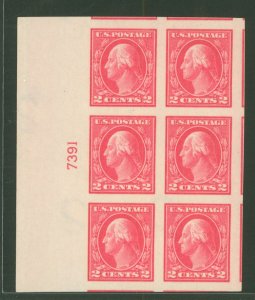 United States #409 Mint (NH) Plate Block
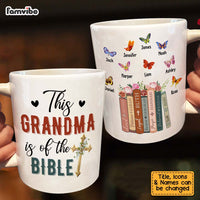Personalized Gift for Grandma Is Of The Bible Floral Books Mug 27162 thumb 1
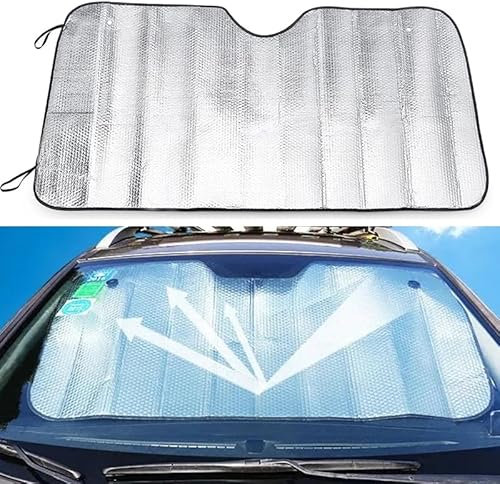 LIYUANMU Sonnenschutz Auto Frontscheibe Frontscheibenabdeckung Autoabdeckung für Mazda CX-8 2019-2023, Faltbar Windschutzscheibenabdeckung, Gegen Schnee/Frost/Staub/Sonne, Zubehör,Type-B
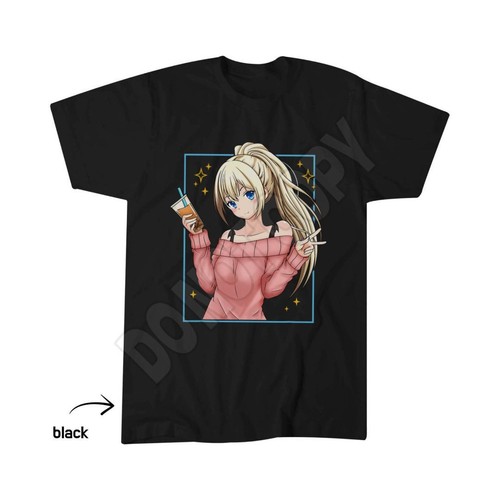 Bubble tea anime girl - bubble, kawaii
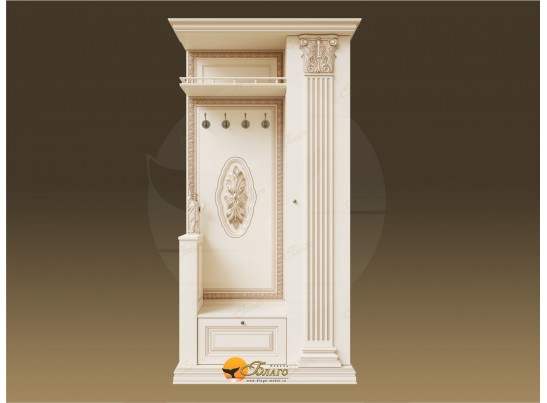 Прихожая Б11.5-2 (декор "ЦД-24) Карамель/патина золото в Кургане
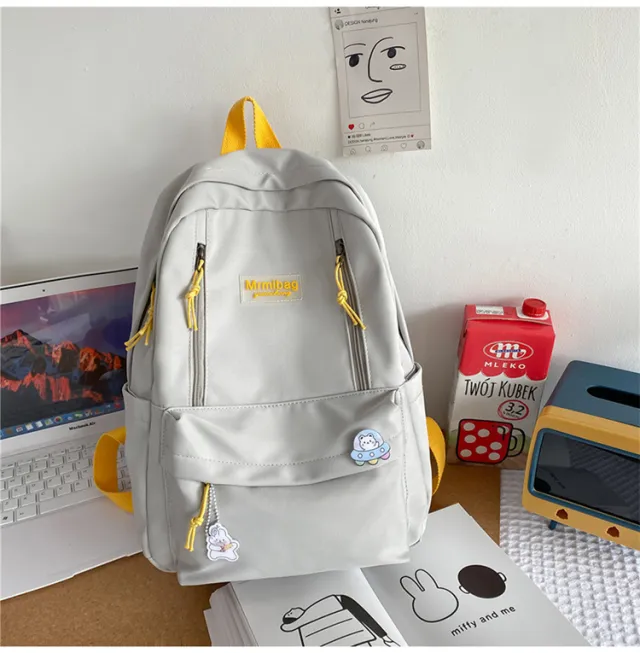 Women's Backpack Youth Girl's Laptop Backpack Grey - Shop at LoveMi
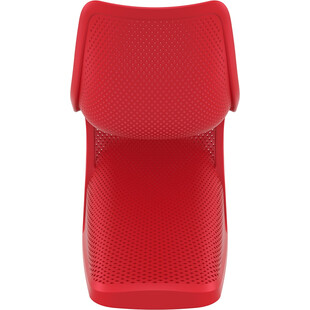 Krzesło ażurowe z tworzywa BLOOM czerwone marki Siesta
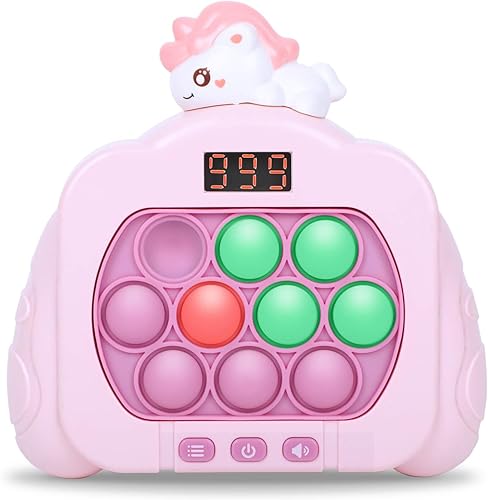Miniatura 8 de Juego Rápido Push Pop de Juguetes Antiestrés, Pantalla LED de 12 Modos con Luces Rápidas, Juego de Presión de Burbujas Portátil, Juguetes de Navidad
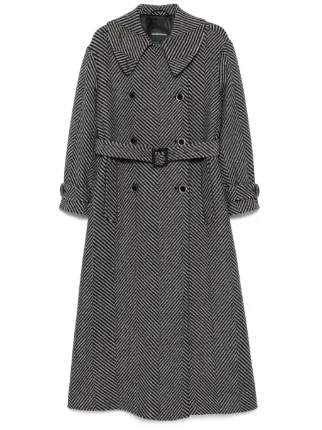 Emporio Armani ヘリンボーン コート | グレー | FARFETCH JP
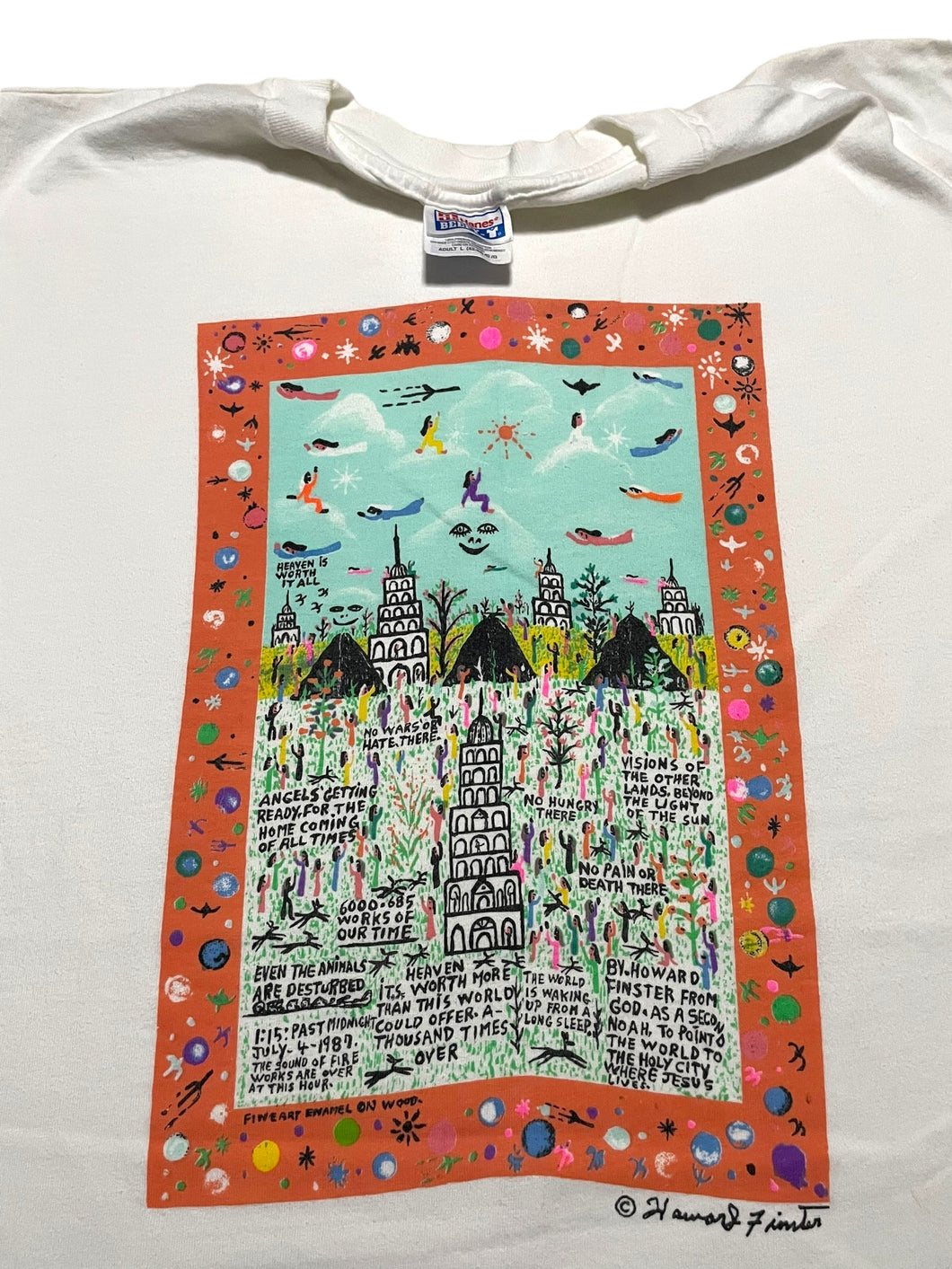 Mid-1990s Howard Finster “Heaven” Tee (L)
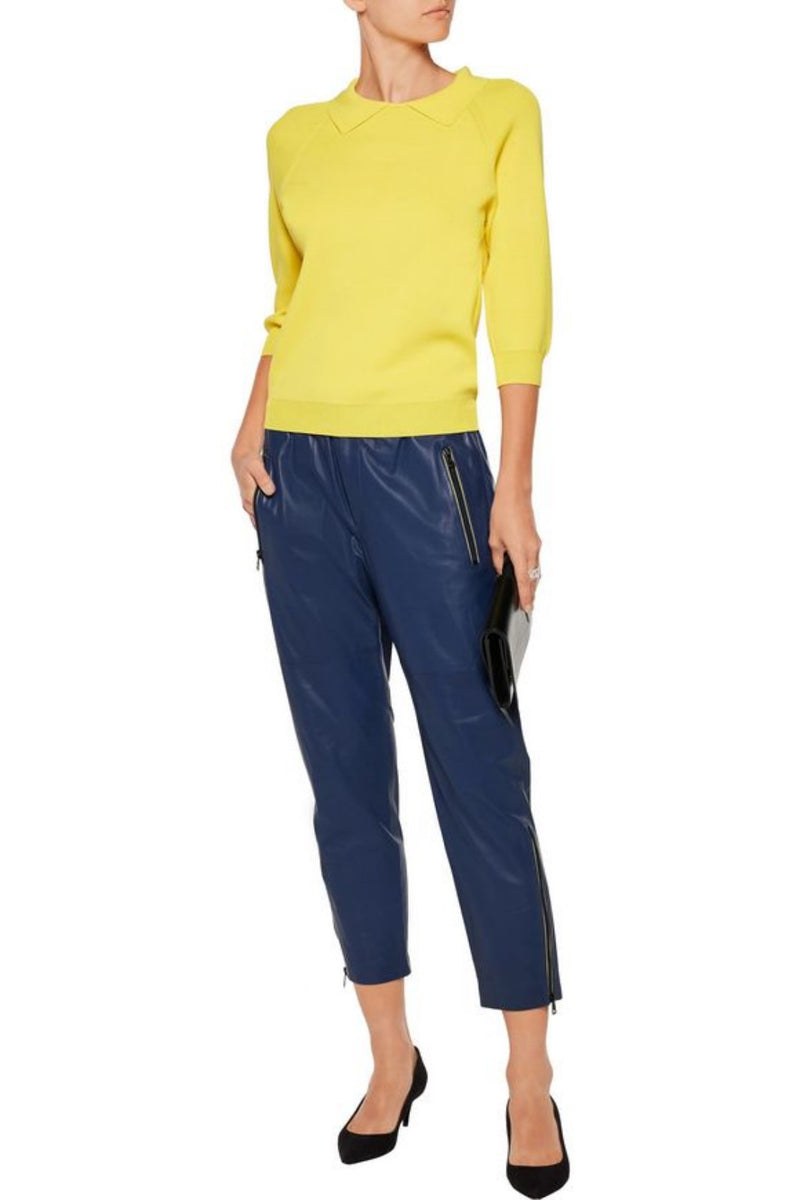 Koza Leathers Women's Real Lambskin Leather Capri Pant WP027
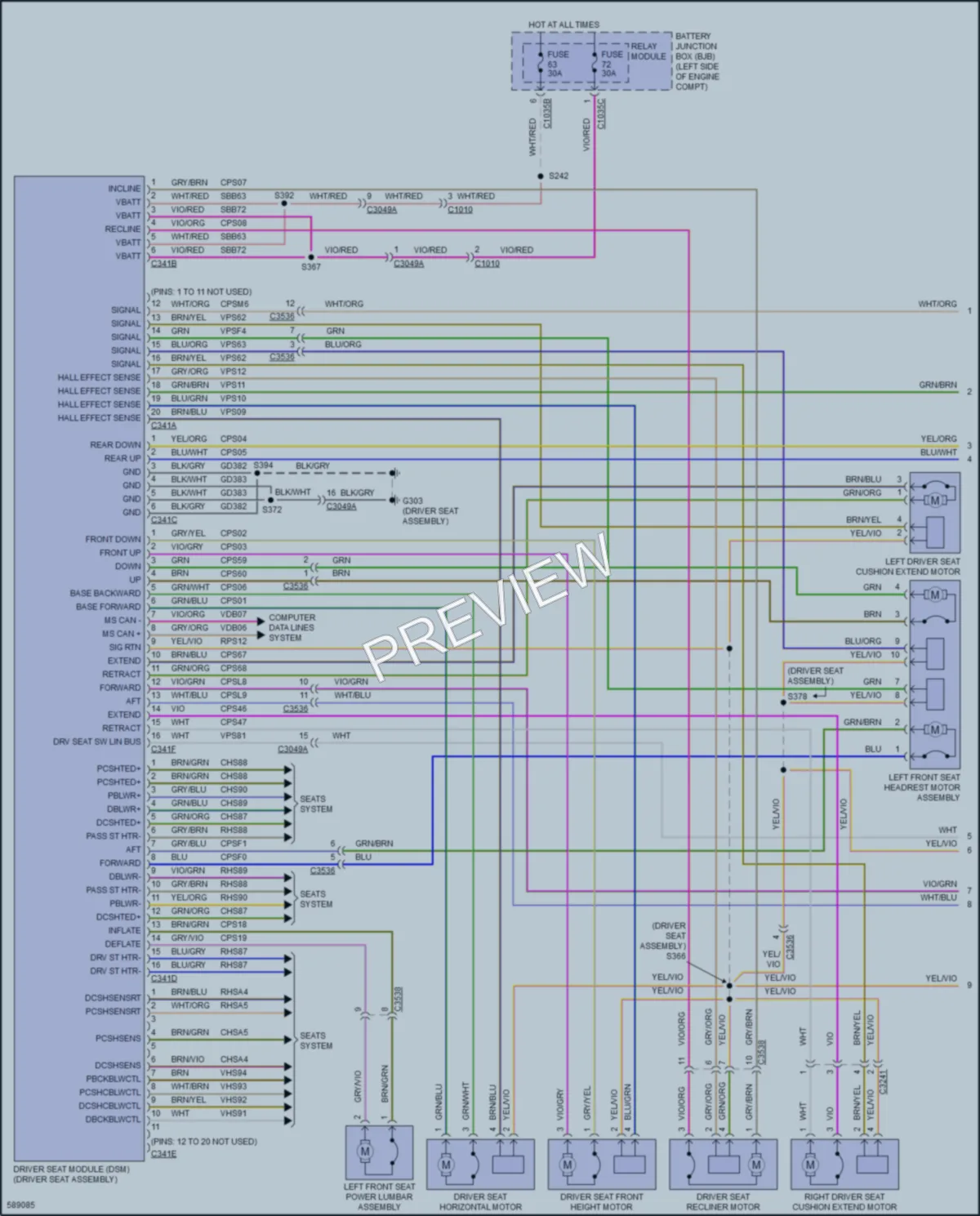 2018 Lincoln Continental Memory Systems wiring diagram preview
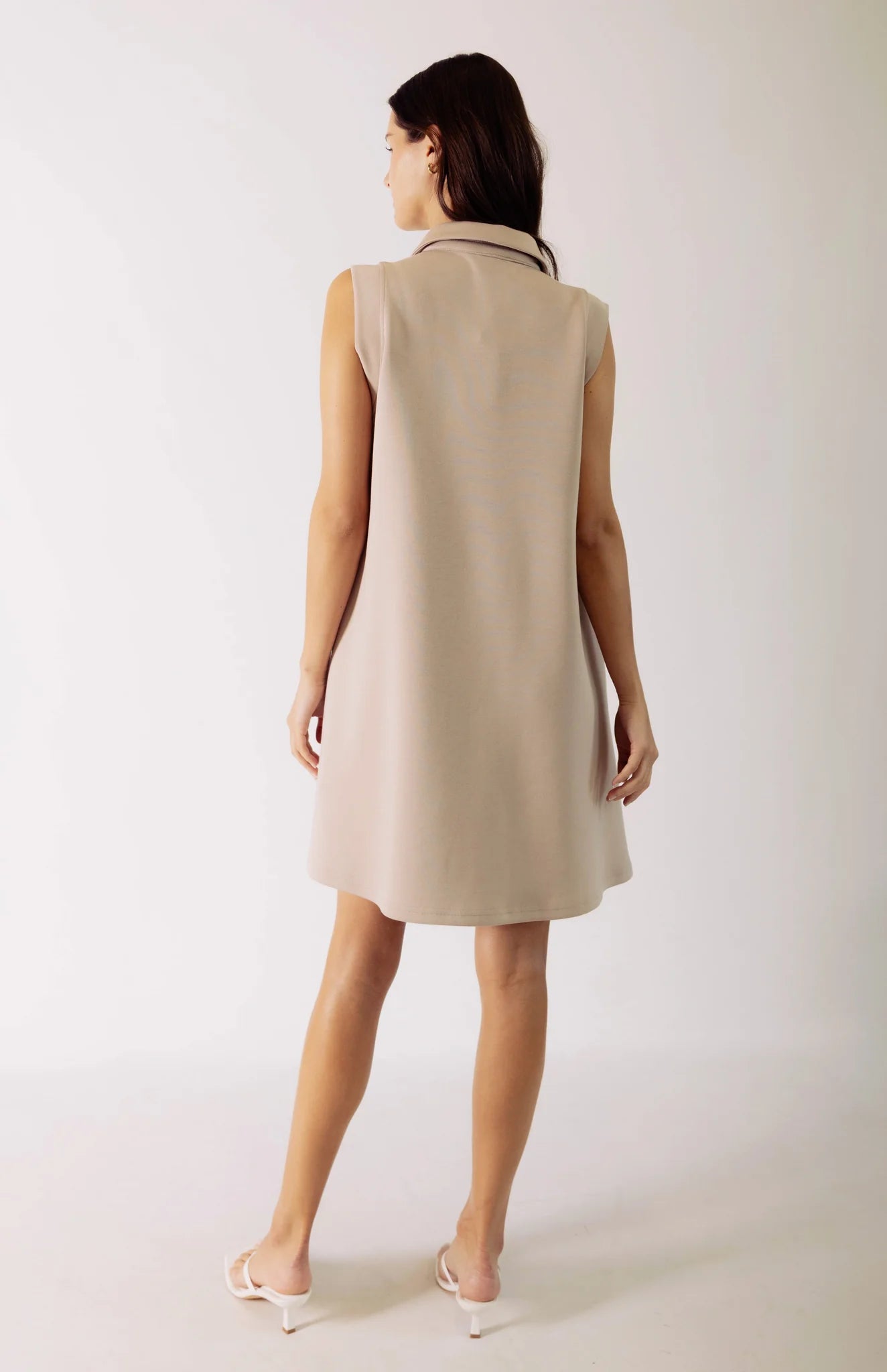 P. Cill Butter Modal Sleeveless Tennis Dress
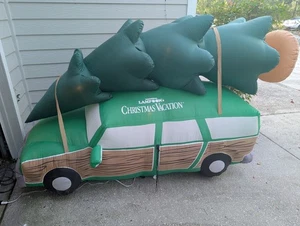 8' Gemmy Airblown Inflatable Christmas Vacation Station Wagon w/ Christmas Tree - Picture 1 of 2
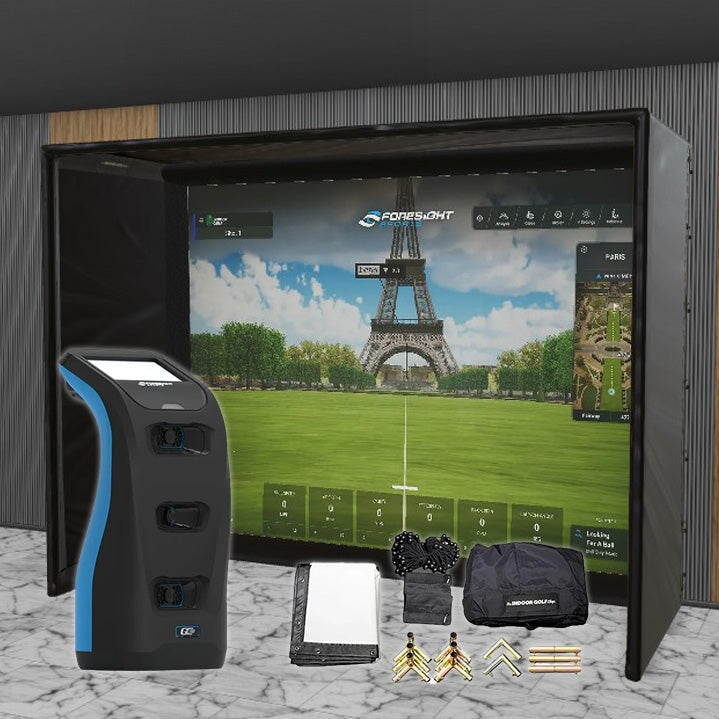 Foresight Sports GC3/GC3s SIG DIY Golf Simulator Studio Package Golf Simulator Foresight Sports 12'2" x 9'4" x 5' (GC3s) 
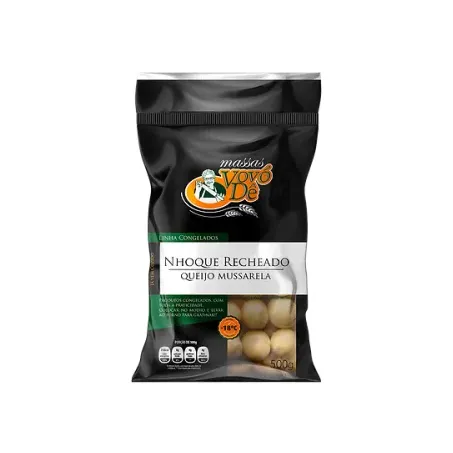 Massa Vovo Nhoque Recheado Queijo 500g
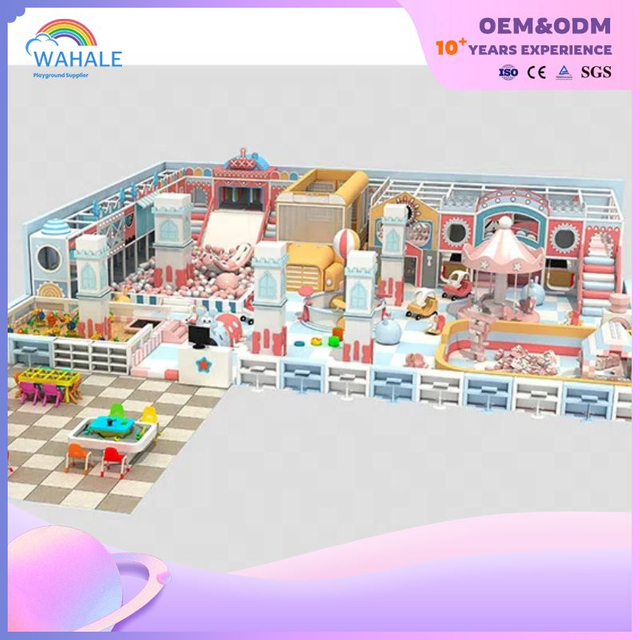 Pink Children's Cartoon Soft Installation Amusement Equipment Indoor Parent-child Interactive Amusement Park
- - - -
Make an exact copy of the records shown above, without the pictures.

 United States #409 Mint (NH) Plate Block
Personalized Gift for Grandma Is Of The Bible Floral Books Mug 27162 thumb 1
 LIYUANMU Sonnenschutz Auto Frontscheibe Frontscheibenabdeckung Autoabdeckung für Mazda CX-8 2019-2023, Faltbar Windschutzscheibenabdeckung, Gegen Schnee/Frost/Staub/Sonne, Zubehör,Type-B
 Bubble tea anime girl - bubble, kawaii
 Прихожая Б11.5-2 (декор "ЦД-24) Карамель/патина золото в Кургане
 Women's Backpack Youth Girl's Laptop Backpack Grey - Shop at LoveMi
 Krzesło ażurowe z tworzywa BLOOM czerwone marki Siesta
Miniatura 8 de Juego Rápido Push Pop de Juguetes Antiestrés, Pantalla LED de 12 Modos con Luces Rápidas, Juego de Presión de Burbujas Portátil, Juguetes de Navidad
 Emporio Armani ヘリンボーン コート | グレー | FARFETCH JP
 Mid-1990s Howard Finster “Heaven” Tee (L)
 Koza Leathers Women's Real Lambskin Leather Capri Pant WP027
 2018 Lincoln Continental Memory Systems wiring diagram preview
 P. Cill Butter Modal Sleeveless Tennis Dress
 8' Gemmy Airblown Inflatable Christmas Vacation Station Wagon w/ Christmas Tree - Picture 1 of 2
 Foresight Sports GC3/GC3s SIG DIY Golf Simulator Studio Package Golf Simulator Foresight Sports 12'2" x 9'4" x 5' (GC3s) 
 Massa Vovo Nhoque Recheado Queijo 500g
 Pink Children's Cartoon Soft Installation Amusement Equipment Indoor Parent-child Interactive Amusement Park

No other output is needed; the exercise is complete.